* **Dataset content**:
◇ ◇ ◇ ◇

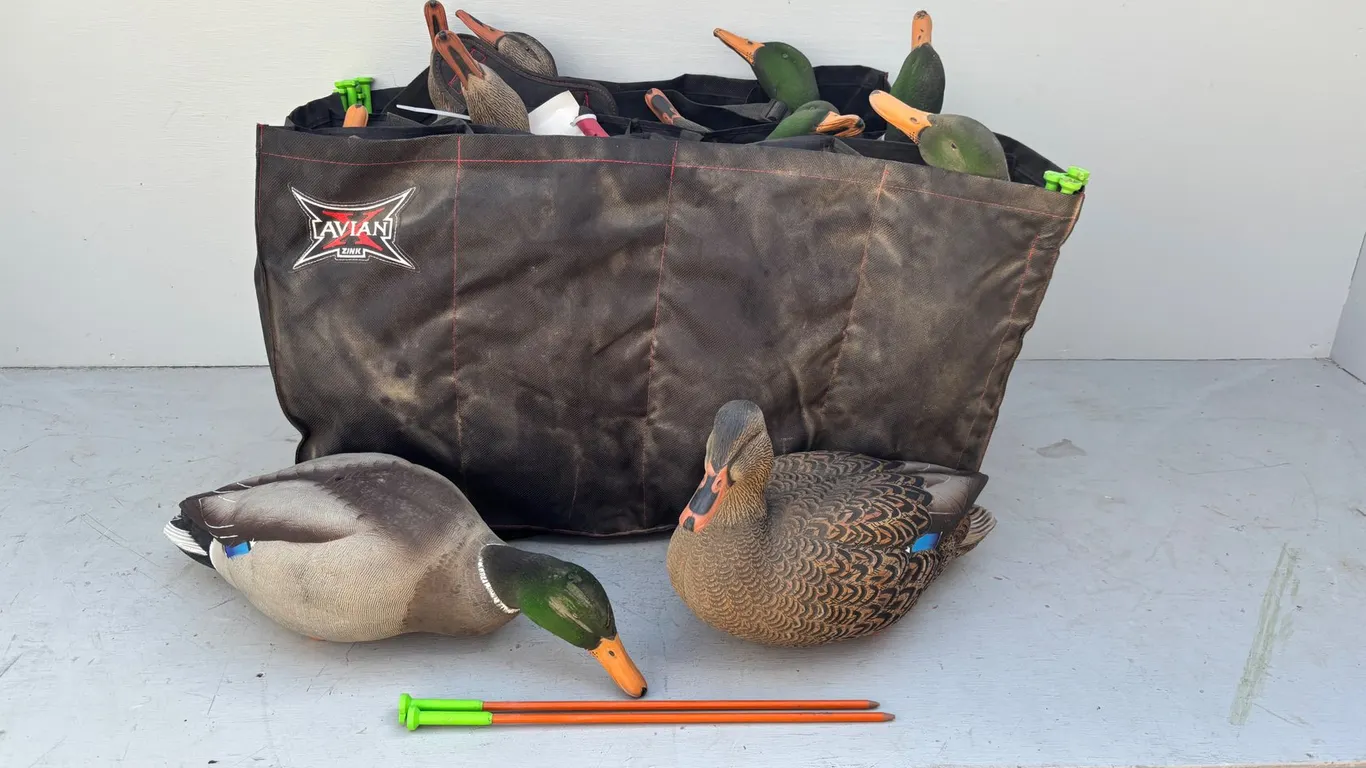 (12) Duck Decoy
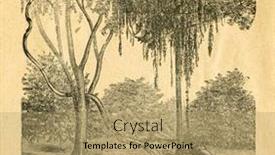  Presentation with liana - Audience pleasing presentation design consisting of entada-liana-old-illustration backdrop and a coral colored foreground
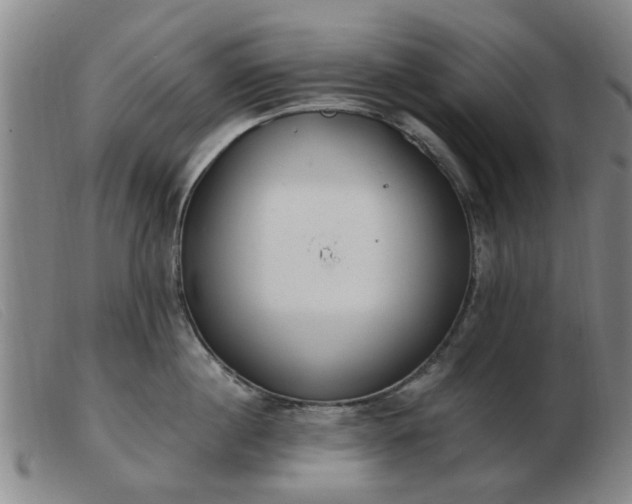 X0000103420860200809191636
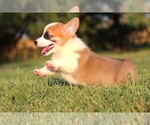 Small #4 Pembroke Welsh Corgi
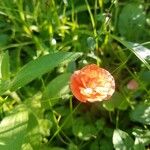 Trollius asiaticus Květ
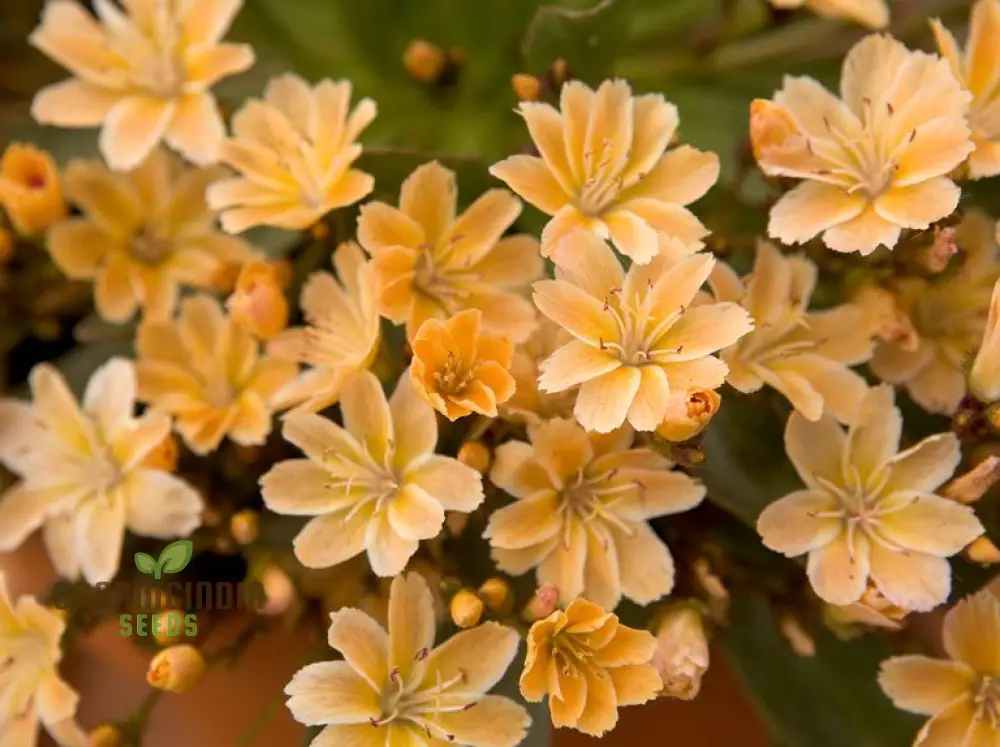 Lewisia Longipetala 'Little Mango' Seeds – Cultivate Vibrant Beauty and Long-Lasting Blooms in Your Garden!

◇ ◇ ◇ ◇

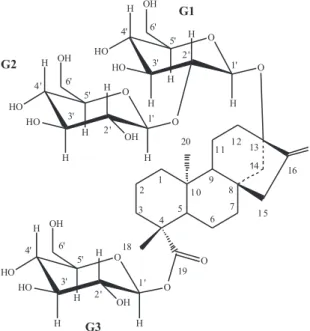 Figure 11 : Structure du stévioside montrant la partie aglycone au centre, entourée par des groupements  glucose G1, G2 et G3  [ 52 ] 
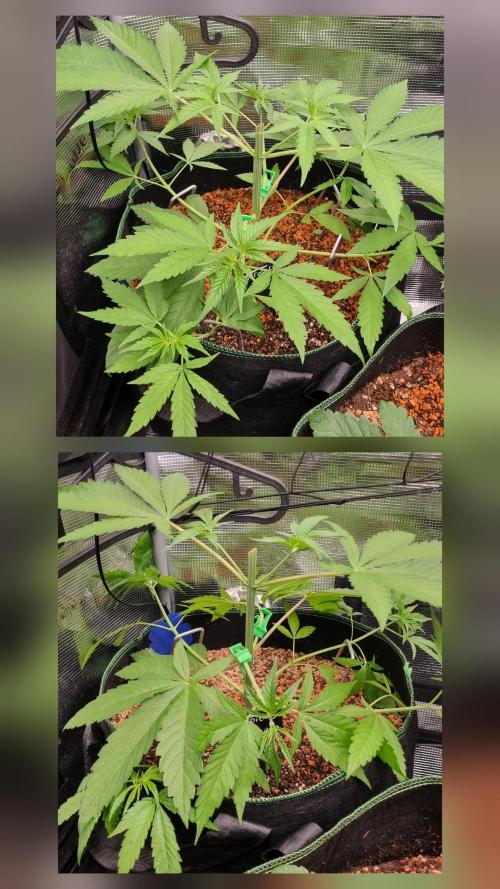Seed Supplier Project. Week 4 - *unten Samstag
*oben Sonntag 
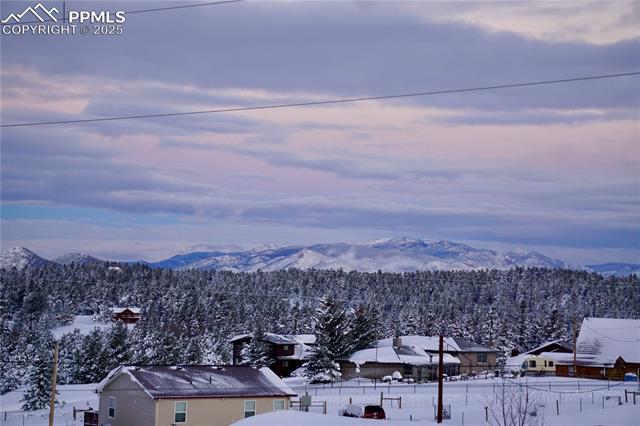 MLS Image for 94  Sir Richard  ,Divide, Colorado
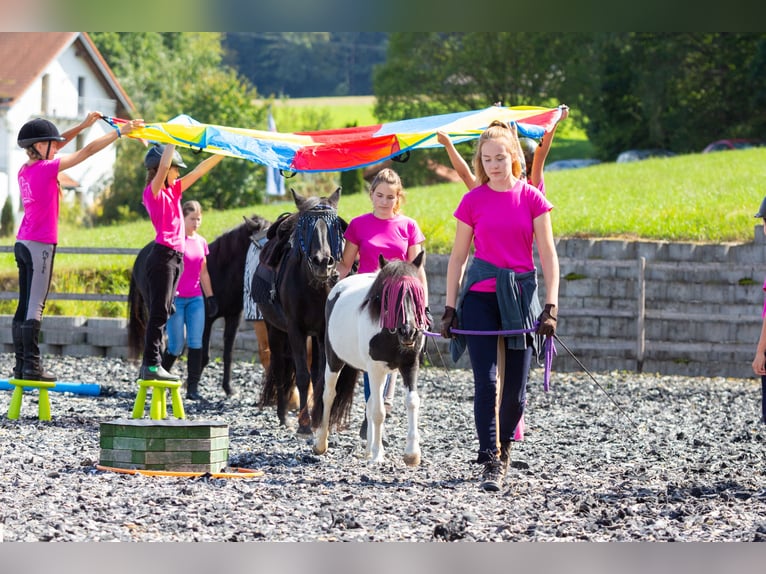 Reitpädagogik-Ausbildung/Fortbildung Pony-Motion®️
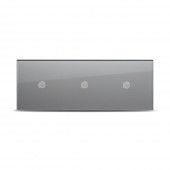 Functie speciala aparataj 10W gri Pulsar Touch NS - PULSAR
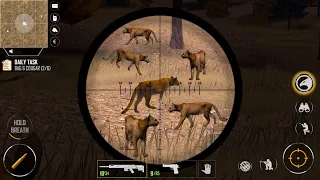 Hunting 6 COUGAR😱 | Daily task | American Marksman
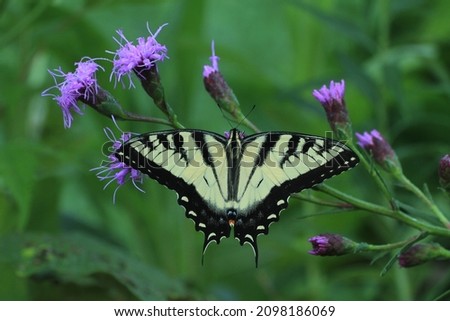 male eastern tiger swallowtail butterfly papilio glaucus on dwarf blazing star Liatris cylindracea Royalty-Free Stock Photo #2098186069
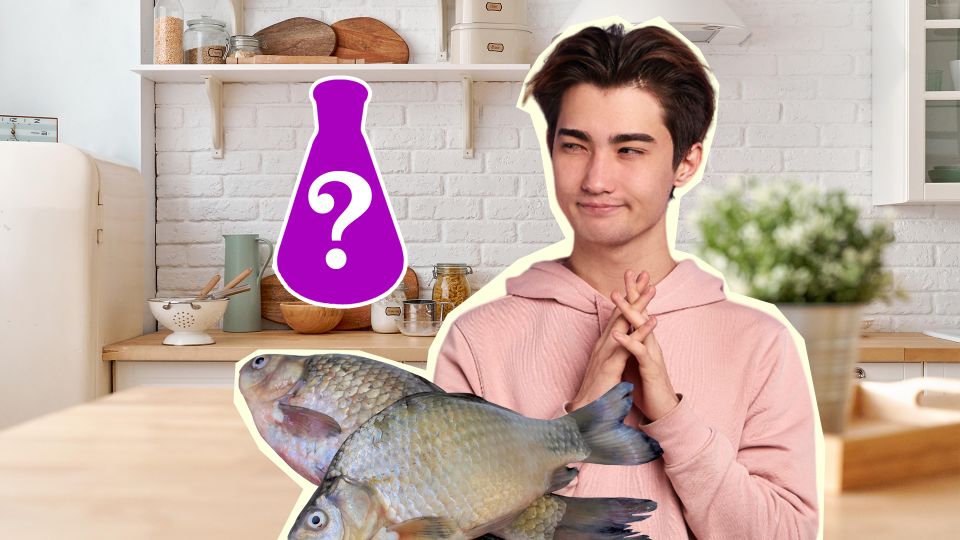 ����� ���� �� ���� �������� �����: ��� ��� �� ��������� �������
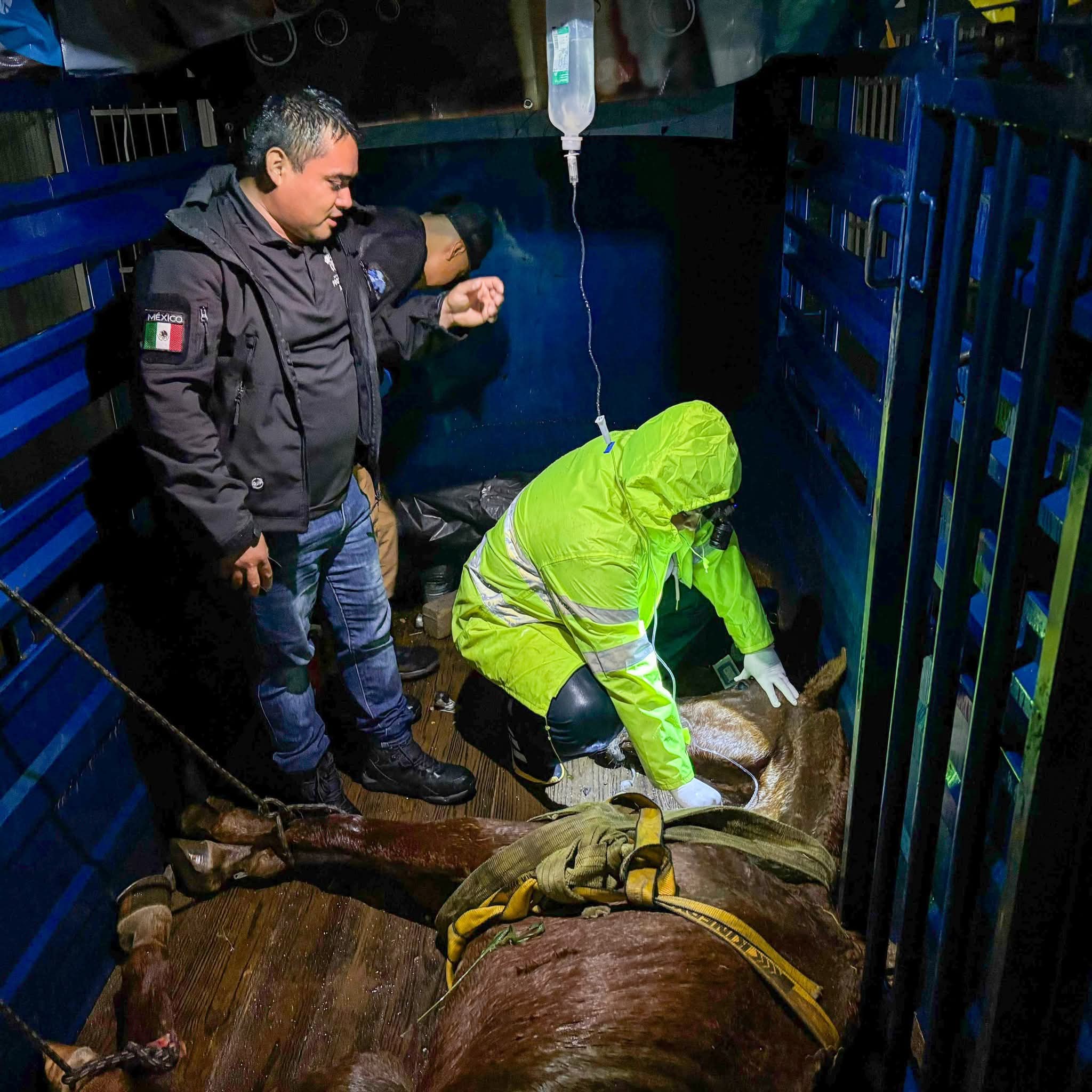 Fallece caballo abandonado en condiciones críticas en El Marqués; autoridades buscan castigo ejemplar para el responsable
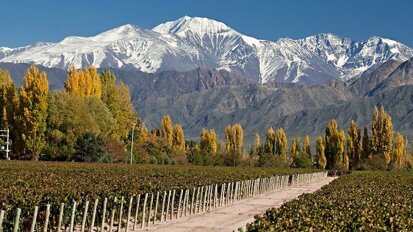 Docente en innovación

◇ ◇ ◇ ◇

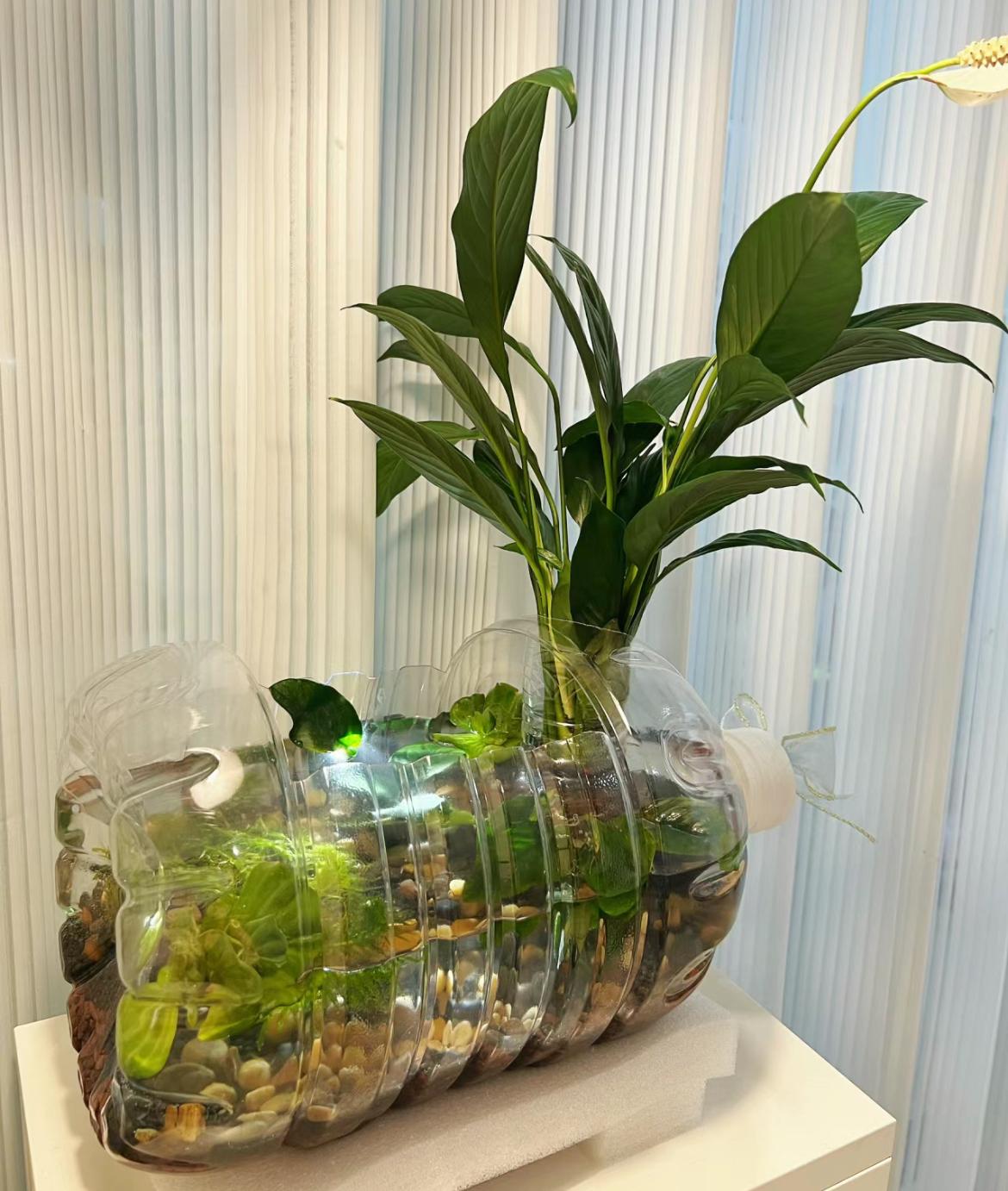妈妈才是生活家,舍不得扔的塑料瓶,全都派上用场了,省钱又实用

◇ ◇ ◇ ◇

* **Work request**:
The stretch to restate runs from the line above containing "Small #4 Pembroke Welsh Corgi" through the line containing "Lewisia Longipetala 'Little". Copy it word for word, ends included, without pictures.

* **Task result**:
 Small #4 Pembroke Welsh Corgi
 Trollius asiaticus Květ
 Lewisia Longipetala 'Little Mango' Seeds – Cultivate Vibrant Beauty and Long-Lasting Blooms in Your Garden!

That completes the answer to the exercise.